Aging of human endothelial cells (EC) is associated with reduced nitric oxide (NO) bioavailability, decreased migratory capacity and an increase in Src kinase activation and apoptosis sensitivity. We recently identified the transcription factor grainyhead-like 3 (GRHL3) as a pro-migratory transcription factor in EC. A role for GRHL3 in aging processes was suggested by reduced expression in brains from old mice. Therefore, we wanted to investigate the regulation of GRHL3 by NO and Src kinase and GRHL3 effects on NO-bioavailabilty, apoptosis and migration. We treated EC either with physiological concentrations of NO or the Src kinase inhibitor PP2. In both cases GRHL3 expression was increased (3.75 fold and 4.50 fold, respectively). In addition, both treatments induced migration and inhibited apoptosis. Interestingly, overexpression of GRHL3 activated endothelial nitric oxide synthase (eNOS), its upstream regulator Akt and subsequently increased the S-NO content of EC. This demonstrates that GRHL3 enhances NO-bioavailability in EC, which is inseparably tied to apoptosis protection and migration. Along this line, GRHL3 overexpression reduced apoptosis of EC (1.89 fold reduction of basal apoptosis vs. empty vector transfected cells). Interestingly, this anti-apoptotic effect was dependent on NO synthesis by eNOS, since the eNOS inhibitor L-NMMA completely abrogated the protective effect of GRHL3. Having demonstrated a pro-migratory effect of GRHL3, we wanted to know whether this effect is mediated by induction of vascular endothelial growth factor (VEGF) expression. Surprisingly, GRHL3 overexpression did not change VEGF protein levels.
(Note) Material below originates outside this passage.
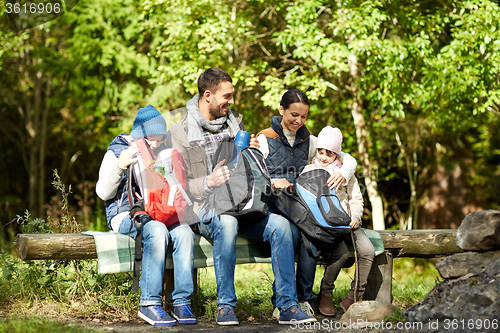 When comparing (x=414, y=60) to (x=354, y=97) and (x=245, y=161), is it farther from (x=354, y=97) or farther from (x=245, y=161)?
(x=245, y=161)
To exclude a bystander effect of GRHL3 in EC migration, we knocked down expression with shRNA. Reduction of GRHL3 mRNA levels decreased basal and NO-induced EC migration (scr: 73 +/− 16 migrated cells; shGRHL3: 26 +/− 12 migrated cells; scr+NO: 149 +/− 19 migrated cells; shGRHL3+NO: 36 +/− 10 migrated cells) demonstrating an essential role in this process. Taken together, these data suggest that GRHL3 is essential for EC functions compromised during aging.